Daisy just loves a good dictator! In an unbelievably tone deaf move, the Danish government sent their highest ranking ambassador, The Daisinator, and her husband on a state visit to the island nation of Bahrain, in the Persian Gulf, just one week before the king ordered his people killed as they protested in the streets for democracy. Hey, Danes! Would you, too, like to enjoy this medicine some call democracy? Here's what it will mean for you: a free press that doesn't force bile down your throats while dressing it in pink sugar and swearing that it is the greatest and most loving and supportive crown princess to Frederik you've ever had even though it's pretty obvious that your crown prince is desintegrating exponentially as the years - and the babies - add up. Never mind, says, BB! We'll just call the visit "An Oasis of Love" and pretend that they just caught the reigning couple on a walk in the park.
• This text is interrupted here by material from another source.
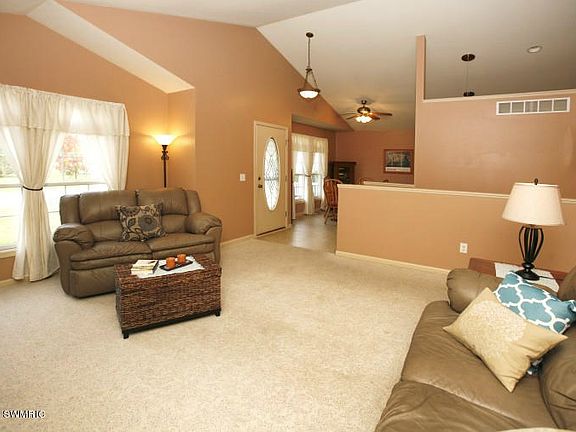 4th image of 4590 Blacktail Ave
Princess Madeleine is keeping up her romance with NYC financier Chris O'Neill. This seems like a nice rebound relationship. They might even genuinely like each other! That will make it easier to break up whenever the time comes. Although, she'd be hard-pressed to find another man these days who smoke like she does! Chris, in turn, must be given credit for dating the curvaceous Madde after breaking up with skinny lingerie model Maryam Abdullina.